Because of this, so-called greenwashing has become a buzz word, as eco-friendly offerings marketed by personal care players come under the microscope, often revealing just how distorted the interpretation of sustainable can be.
Sustainable packaing part of global process
In a key presentation given at this week's HBA conference program, design packaging consultant Wendy Jedlicka pointed to the fact that sustainable packaging is part of a global process that takes into account the whole supply chain and production process.
“Just because a packaging material comes from a sustainable source this isn't necessarily replicated in the rest of the supply chain and production process,” Jedlicka said.
Likewise she also points to ambiguities in the regulation of sustainable packaging that have led to problems such as self certification, whereby personal care companies have been known to write their own rules for the certification process.
“This is no longer on and now US regulation authorities are looking to European regulation as inspiration for new guidelines on sustainable packaging,” said Jedlicka.
“In Europe sustainable packaging guidelines are much tougher, but things are starting to change in the US and it seems that the guidelines will eventually get there.”
Wal Mart leading the way
Notably Jedlicka holds up Wal Mart as one of the key players to influence the move towards sustainable packaging in the US.
“Wal Mart has really gone for it on sustainable packaging, putting the pressure on the supplier to make the changes, something that has really had a significant impact on the market in the all-important mass market category.”
Jedlicka also points to Aveda, highlighting the fact that this company has also done much to help shape the direction for personal care players themselves.
“Aveda's buy-out by Estee Lauder was feared by many to be the end of its pristine eco-friendly image.

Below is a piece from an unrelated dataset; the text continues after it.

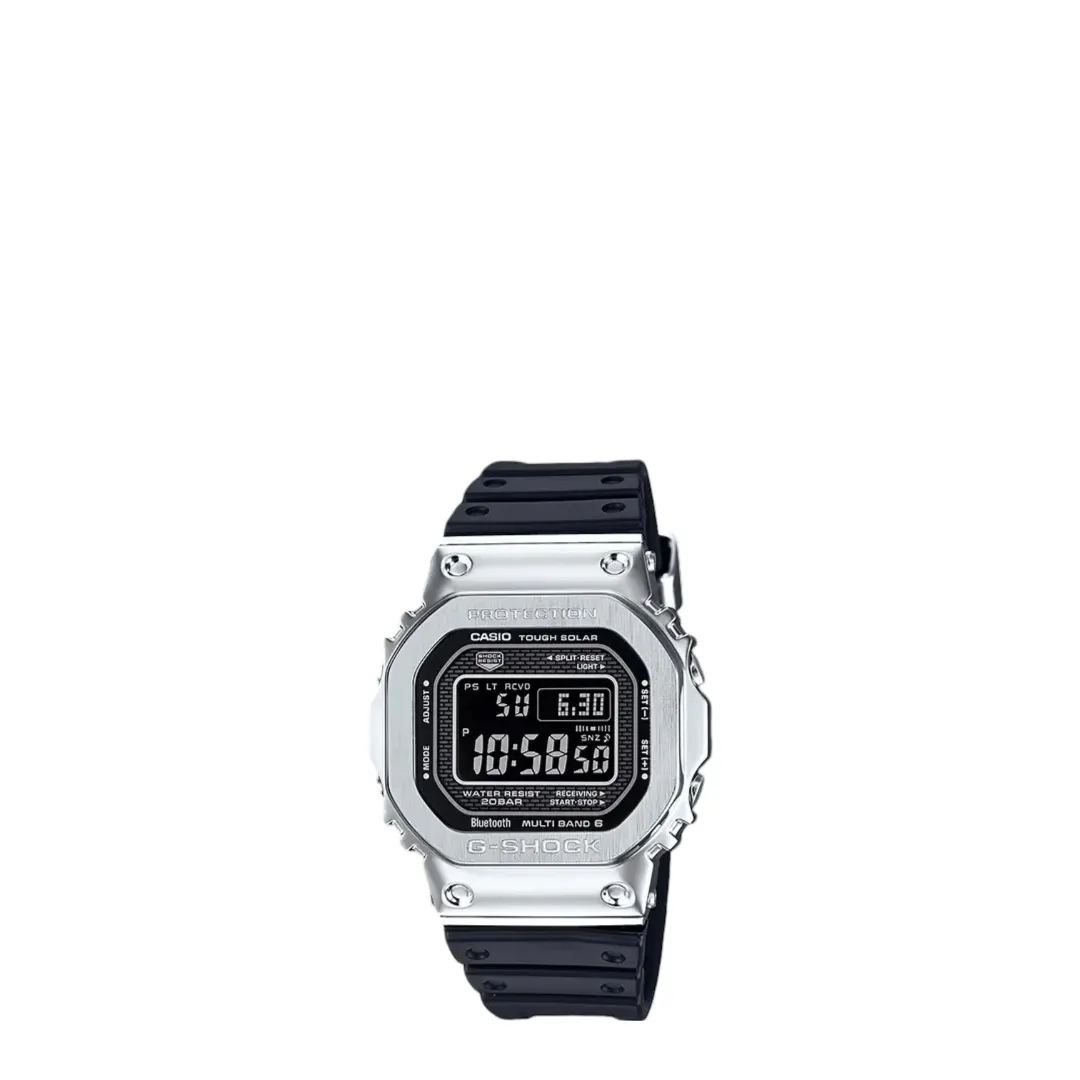 G-SHOCK FULL METAL GMW-B5000 SERIRES SOLAR MEN'S WATCH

But instead it led to big changes in the way Estee Lauder conducted its business, particularly with respect to packaging.”
Aveda goes one step further
As Jedlicka points out, what Aveda has done is go one step further and give something back, and it is this objective that has given them great credibility, both within the industry and with the consumer.
But concerns over the environment are not the only reason why big players like Estee Lauder are being converted to the green side.
As Jedlicka points out, “If you go green it makes green. This is because sustainability is a profit center if it is managed correctly.”
But the bottom line is simple, 'earn trust by doing something worthy'.
In a nutshell, an increasingly sophisticated and developed market category means that greenwashing just won't wash any more.